Prava Pita’da dört çeşit boşnak böreği bulunuyor. Sasirom (peynirli), kompirnak (patatesli), Zelanik (ıspanaklı) ve mantıye adı verilen boşnak mantısı... Herbirini Ada Durmuş ve yedi kişilik ekibi kendi elleriyle açıyor: “ Annem bu börekleri çok güzel yapardı. Ben de ondan öğrendim. Özellikle Perşembe akşamları ve bayram sabahları evimizde mutlaka börek pişer. Ayrıca özel bir misafirimiz geldiğinde de asla böreksiz karşılamayız. Böreklerin hamurları aynı; un, tuz ve suyla yapılıyor. Hamuru yoğurduktan sonra birkaç saat bekletiyor, ardından açıyoruz. Herbirini kol böreği gibi sarıyoruz. Sadece boşnak mantısını sardıktan sonra elimizle koparıp tepsiye diziyoruz. Yerken de üzerine sarmısaklı yoğurt döküp servis ediyoruz.Her gün 30-40 tepsi börek satıyoruz. En sevilenler Boşnak mantısı ile ıspanaklı börek. Porsiyon fiyatları 4-4 buçuk TL arasında değişiyor. Özellikle mevlid ve düğün zamanlarında çok sipariş alıyoruz. Bizden alıp Polonya, Rusya, Avusturya’ya tepsi tepsi börek götürenler var.”

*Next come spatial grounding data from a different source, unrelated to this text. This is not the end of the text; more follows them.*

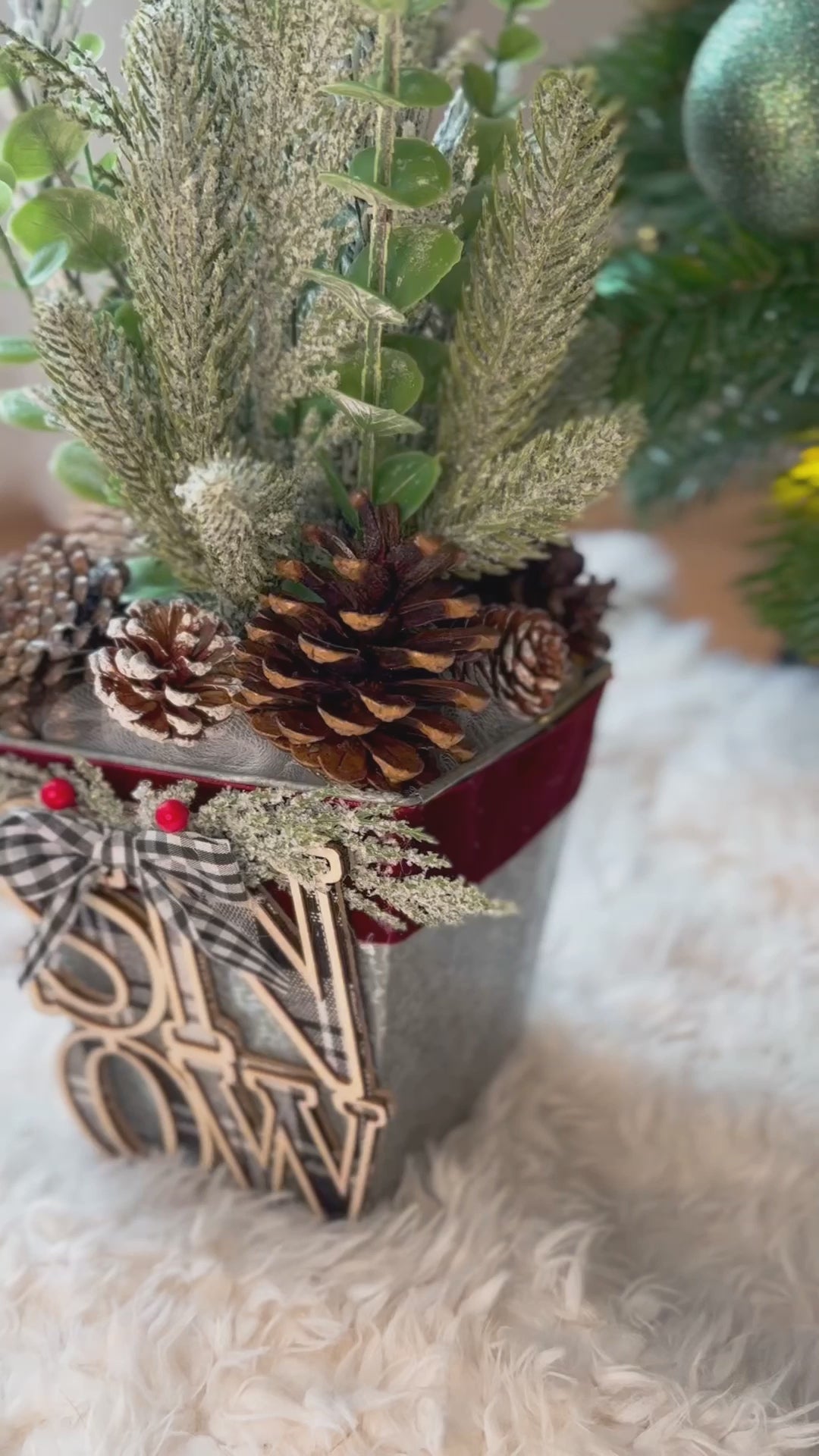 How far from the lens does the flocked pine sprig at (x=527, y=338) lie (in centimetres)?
28

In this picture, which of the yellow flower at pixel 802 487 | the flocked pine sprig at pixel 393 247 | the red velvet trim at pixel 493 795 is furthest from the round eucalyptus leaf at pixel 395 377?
the yellow flower at pixel 802 487

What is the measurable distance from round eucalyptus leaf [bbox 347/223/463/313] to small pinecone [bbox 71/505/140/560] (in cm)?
14

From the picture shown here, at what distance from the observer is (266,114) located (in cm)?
28

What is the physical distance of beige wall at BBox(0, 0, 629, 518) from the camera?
1.26 feet

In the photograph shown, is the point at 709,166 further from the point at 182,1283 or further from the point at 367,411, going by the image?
the point at 182,1283

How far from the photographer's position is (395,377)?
0.30m

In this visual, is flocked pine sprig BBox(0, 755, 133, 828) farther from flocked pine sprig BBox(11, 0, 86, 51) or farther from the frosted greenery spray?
flocked pine sprig BBox(11, 0, 86, 51)

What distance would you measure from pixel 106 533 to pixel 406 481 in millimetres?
129

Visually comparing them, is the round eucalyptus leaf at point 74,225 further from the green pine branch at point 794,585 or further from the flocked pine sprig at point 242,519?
the green pine branch at point 794,585

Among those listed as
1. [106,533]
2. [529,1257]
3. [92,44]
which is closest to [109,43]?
[92,44]

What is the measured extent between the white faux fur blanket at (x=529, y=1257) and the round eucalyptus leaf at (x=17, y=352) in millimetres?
289

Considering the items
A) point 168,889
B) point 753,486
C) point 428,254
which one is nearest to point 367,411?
point 428,254

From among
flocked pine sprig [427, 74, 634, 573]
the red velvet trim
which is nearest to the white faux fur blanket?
the red velvet trim

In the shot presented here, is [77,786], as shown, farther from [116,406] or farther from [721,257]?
[721,257] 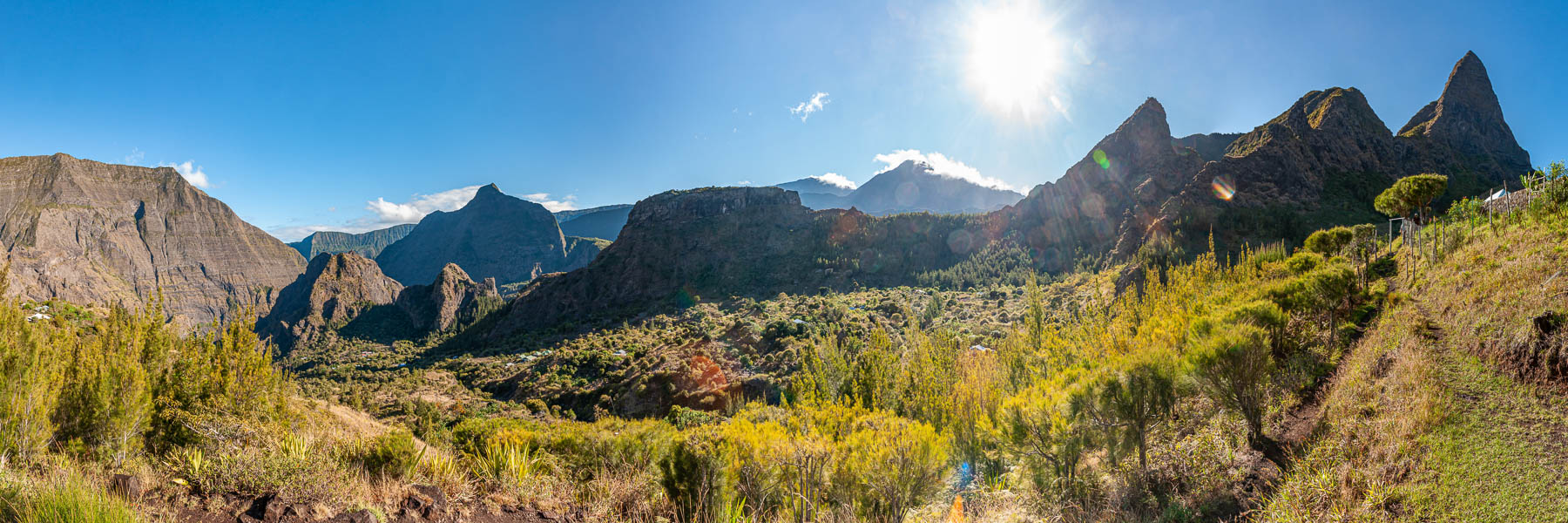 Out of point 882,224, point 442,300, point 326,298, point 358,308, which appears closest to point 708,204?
point 882,224

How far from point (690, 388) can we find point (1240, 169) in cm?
6474

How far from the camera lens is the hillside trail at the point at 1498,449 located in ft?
17.4

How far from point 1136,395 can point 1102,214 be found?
319 feet

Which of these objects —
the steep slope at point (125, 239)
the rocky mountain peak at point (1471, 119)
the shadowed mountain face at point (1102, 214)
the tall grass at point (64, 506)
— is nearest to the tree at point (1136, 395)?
the tall grass at point (64, 506)

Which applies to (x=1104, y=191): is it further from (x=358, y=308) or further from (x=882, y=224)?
(x=358, y=308)

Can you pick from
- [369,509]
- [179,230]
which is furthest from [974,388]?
[179,230]

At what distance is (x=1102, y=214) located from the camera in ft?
295

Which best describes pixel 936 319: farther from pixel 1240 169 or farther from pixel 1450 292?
pixel 1450 292

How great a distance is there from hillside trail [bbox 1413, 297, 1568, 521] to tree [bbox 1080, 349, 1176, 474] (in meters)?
2.71

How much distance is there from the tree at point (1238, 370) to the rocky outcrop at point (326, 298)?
162 m

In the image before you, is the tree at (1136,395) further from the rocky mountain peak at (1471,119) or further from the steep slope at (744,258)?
the rocky mountain peak at (1471,119)

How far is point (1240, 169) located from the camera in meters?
56.0

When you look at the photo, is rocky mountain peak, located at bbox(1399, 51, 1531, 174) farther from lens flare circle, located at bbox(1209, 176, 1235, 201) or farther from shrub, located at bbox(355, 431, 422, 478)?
shrub, located at bbox(355, 431, 422, 478)

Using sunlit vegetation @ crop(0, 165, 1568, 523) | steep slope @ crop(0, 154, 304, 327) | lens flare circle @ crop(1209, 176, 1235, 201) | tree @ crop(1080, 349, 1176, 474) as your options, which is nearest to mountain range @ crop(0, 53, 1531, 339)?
lens flare circle @ crop(1209, 176, 1235, 201) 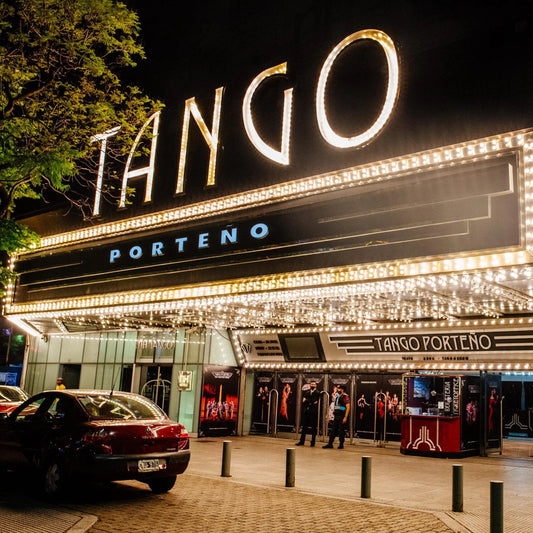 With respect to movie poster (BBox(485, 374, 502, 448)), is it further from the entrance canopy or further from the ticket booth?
the entrance canopy

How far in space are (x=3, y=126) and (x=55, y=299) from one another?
6806 mm

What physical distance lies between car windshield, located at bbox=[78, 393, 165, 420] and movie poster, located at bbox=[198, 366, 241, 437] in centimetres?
910

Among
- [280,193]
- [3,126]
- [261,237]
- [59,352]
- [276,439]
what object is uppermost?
[3,126]

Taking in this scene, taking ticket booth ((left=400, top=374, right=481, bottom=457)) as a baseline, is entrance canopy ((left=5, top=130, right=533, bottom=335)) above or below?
above

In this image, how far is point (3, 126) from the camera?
13031 millimetres

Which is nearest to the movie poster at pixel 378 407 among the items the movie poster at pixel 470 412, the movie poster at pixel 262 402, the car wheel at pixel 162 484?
the movie poster at pixel 470 412

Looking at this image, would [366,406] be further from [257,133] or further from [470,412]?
[257,133]

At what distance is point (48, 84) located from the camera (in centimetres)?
1379

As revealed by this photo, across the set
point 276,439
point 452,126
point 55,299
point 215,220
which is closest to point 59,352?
point 55,299

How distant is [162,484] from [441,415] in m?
9.67

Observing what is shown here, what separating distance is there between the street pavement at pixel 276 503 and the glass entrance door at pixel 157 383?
7.43 meters

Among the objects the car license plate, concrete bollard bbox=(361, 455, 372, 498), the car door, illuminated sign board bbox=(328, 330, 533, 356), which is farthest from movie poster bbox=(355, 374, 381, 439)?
the car door

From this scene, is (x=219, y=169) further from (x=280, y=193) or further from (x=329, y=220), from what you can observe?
(x=329, y=220)

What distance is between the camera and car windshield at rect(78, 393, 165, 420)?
349 inches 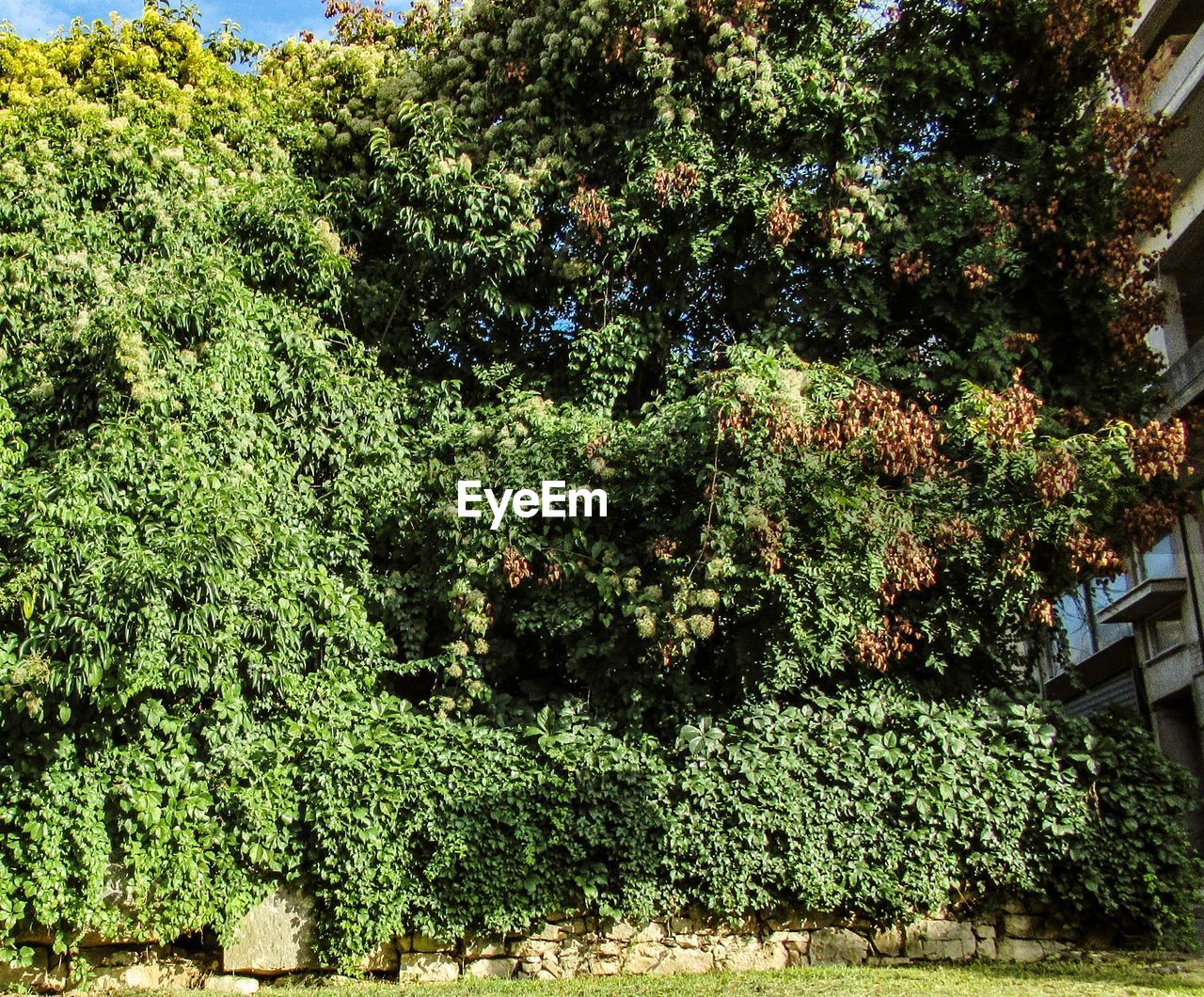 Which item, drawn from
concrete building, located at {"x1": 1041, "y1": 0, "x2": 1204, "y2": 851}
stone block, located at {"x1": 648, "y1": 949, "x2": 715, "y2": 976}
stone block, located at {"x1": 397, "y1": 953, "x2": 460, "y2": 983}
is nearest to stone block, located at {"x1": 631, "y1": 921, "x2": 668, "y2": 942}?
stone block, located at {"x1": 648, "y1": 949, "x2": 715, "y2": 976}

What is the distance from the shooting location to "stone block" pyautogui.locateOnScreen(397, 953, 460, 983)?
8641 mm

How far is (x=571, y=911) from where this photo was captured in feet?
Result: 29.1

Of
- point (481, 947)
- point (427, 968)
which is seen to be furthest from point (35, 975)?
point (481, 947)

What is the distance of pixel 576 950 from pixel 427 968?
4.06ft

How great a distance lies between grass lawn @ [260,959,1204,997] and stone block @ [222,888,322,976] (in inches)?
6.7

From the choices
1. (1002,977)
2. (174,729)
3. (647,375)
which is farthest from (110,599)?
(1002,977)

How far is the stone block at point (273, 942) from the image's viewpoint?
27.9 ft

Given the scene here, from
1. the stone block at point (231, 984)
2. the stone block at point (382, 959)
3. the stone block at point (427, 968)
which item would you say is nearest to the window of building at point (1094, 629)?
the stone block at point (427, 968)

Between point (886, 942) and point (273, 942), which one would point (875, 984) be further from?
point (273, 942)

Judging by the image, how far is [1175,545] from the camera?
48.2 feet

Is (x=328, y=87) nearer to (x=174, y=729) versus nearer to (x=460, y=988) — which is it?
(x=174, y=729)

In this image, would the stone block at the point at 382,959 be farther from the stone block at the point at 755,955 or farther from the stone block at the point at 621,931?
the stone block at the point at 755,955

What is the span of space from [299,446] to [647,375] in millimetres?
3948

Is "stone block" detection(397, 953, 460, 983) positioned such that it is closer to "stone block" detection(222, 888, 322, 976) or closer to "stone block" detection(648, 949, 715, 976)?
"stone block" detection(222, 888, 322, 976) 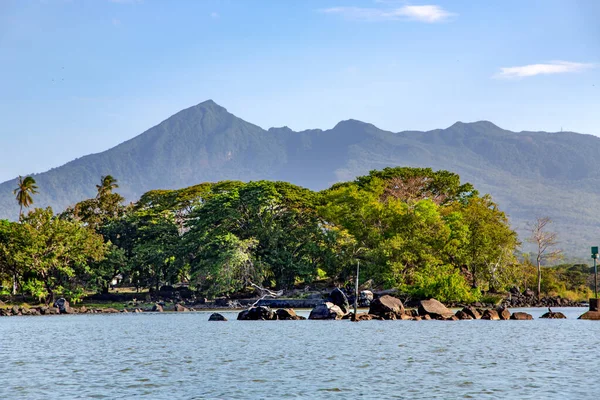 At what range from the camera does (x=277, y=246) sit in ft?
277

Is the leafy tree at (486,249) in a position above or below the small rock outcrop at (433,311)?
above

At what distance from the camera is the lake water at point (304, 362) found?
74.9 ft

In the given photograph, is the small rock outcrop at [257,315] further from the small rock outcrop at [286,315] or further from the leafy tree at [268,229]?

BALKANLARDAKİ DEDELERİMİZDEN KALMA BİR YÖNTEM

Boşnak lezzetleri denilince akla ilk gelenlerden biri de kuru et. Yıldırım Mahallesi’nde kuru et satan pek çok kasap var. Bunlardan biri de Nasko Et Ürünleri. 24 yaşındaki Kerim Büyükbayrak, 10 yaşından beri bu kasapta çalışıyor. Ailesi 1969’da Türkiye’ye göç etmiş. 30 yıldır Bayrampaşa’da hizmet veren bu kasapta sıradan lezzetlerin yanı sıra Boşnak kültürünü yansıtan kuru et ve Pljeskaviçsa adlı bir köfte de satılıyor. Büyükbayrak, imalat farkına dikkat çekiyor:

“Pljeskaviçsa’nın özelliği satır kıymasından yapılması. İçinde kuru et ve kaşar da var. Yağsız tavada pişirilerek servis edilebilir. Kilosu 29 TL. Kuru et de satıyoruz. Dedelerimizden kalma bir gelenek bu. Kuru et sadece dananın but kısmından olur. Etleri kestikten sonra 10 gün tuzda bekletiyoruz. Ardından iplere asıp altına da bir ızgara yakıyoruz. Et, sağlıklı olduğu için meşe ve kayın odununun isiyle kurumaya başlıyor. 5-6 gün içinde pişer ve satışa sunarız. 10 günde yaklaşık 400 kilo kuru et satıyoruz.” Kuru et çerez ya da meze niyetine yenildiği gibi kurufasulye, nohut gibi yemeklere de lezzet katıyor. Kilosunu 64 TL.”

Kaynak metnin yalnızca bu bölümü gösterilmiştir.